- **WORK ITEM**
Among the entries below, only the lines from the one with "Person wearing a" through the one with "Lovely beaded vintage" are to be retyped, exactly and without pictures.

WORKING DATA section start

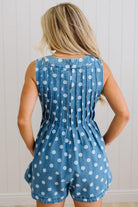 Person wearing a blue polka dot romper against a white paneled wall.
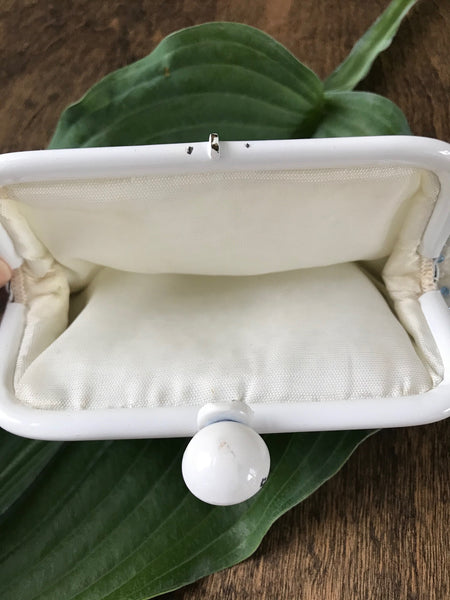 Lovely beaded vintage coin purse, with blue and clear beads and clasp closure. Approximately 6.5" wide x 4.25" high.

WORKING DATA section end
WORKING DATA section start

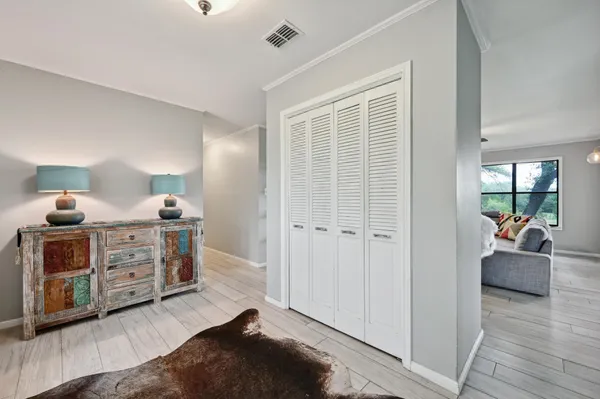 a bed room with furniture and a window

WORKING DATA section end

- **WRITTEN ANSWER**
 Person wearing a blue polka dot romper against a white paneled wall.
 Lovely beaded vintage coin purse, with blue and clear beads and clasp closure. Approximately 6.5" wide x 4.25" high.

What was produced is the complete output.